Originally an abbey church dating from the 11th century, the Cathedrale St-Sacerdos is a mixture of Romanesque and Gothic styles. The organ in the church is said to be one of the best preserved from the 18th century. Pop inside to hear it being played as part of a special concert or simply soak up the peace and quiet away from Sarlat’s busy squares. Nearby you can spot the a rocket-like structure called ‘lanterne des morts’, a 12th-century stone monument that is said to honour Saint Bernard, who is believed to have cured the sick by blessing their bread.

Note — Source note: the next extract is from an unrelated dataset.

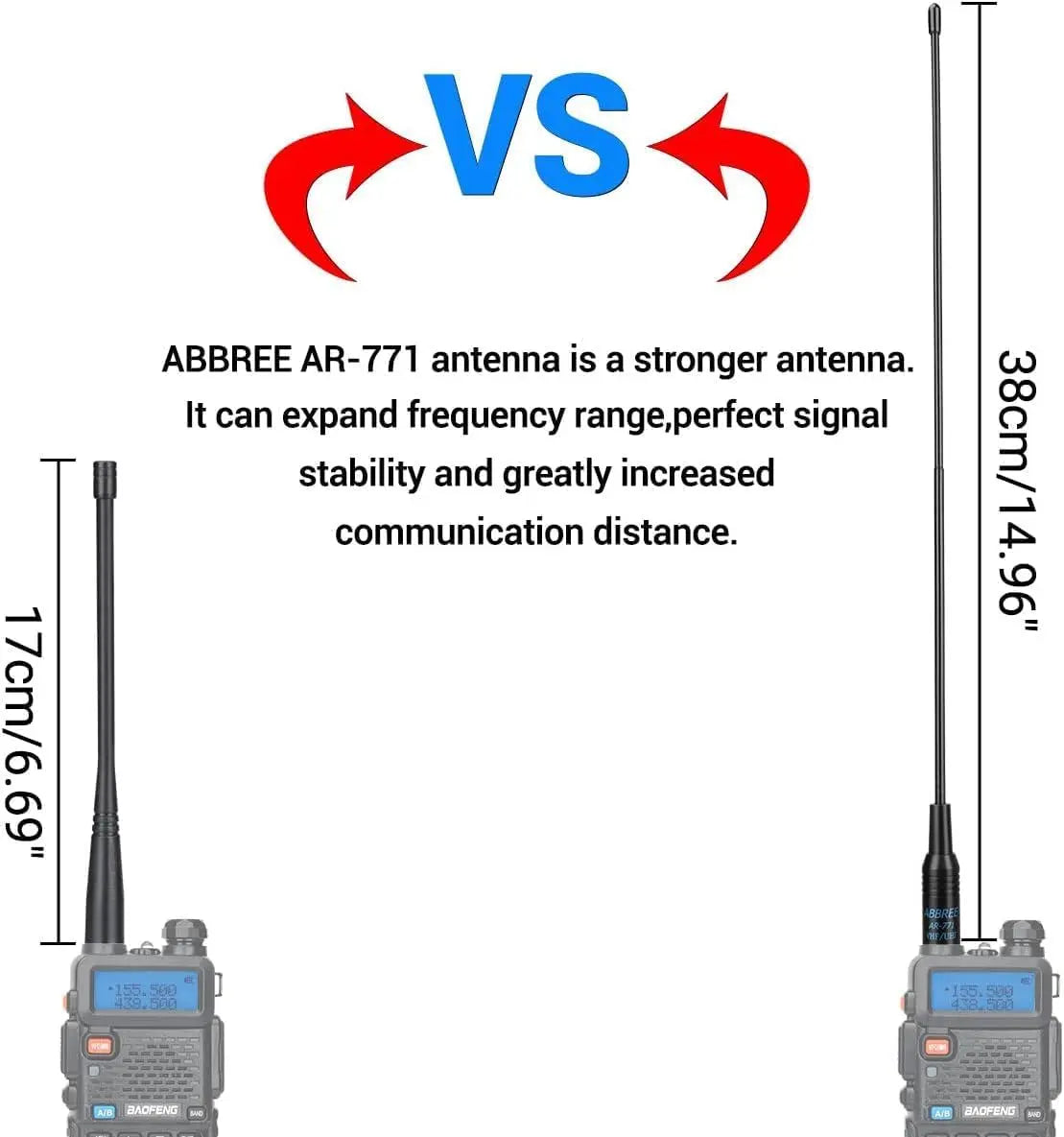 2PCS BAOFENG UV-5R Walkie Talkie Dual Band VHF UHF Two Way Radio Long Range 128CH VOX Handheld Transceiver UV5R UV 5R Ham Radio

Of no relation to the Parisian 17th-century writer Cyrano de Bergerac with his misshapen nose (or the 1980s BBC detective series), this medieval river port means wine. Rosette and Monbazillac vineyards rise above the town and Pecharmant reds age in oak barrels on family-run estates on its northern fringe. In Bergerac you can taste the region’s 13 different appellations and meet local producers at the House of Wines (vins-bergerac.fr), 1 rue des Recollets. Lazing between sun-baked clearings and chestnut forests in the southern Dordogne, this town, an hour from Bergerac, was founded in 1284 for King Edward I of England. Much to the joy of flaneurs today who revel in the medieval symmetry of central place des Cornieres and its surrounding grid of streets, the bastide was built in a quadrilateral, 500 yards long and 250 yards wide. You can’t get lost.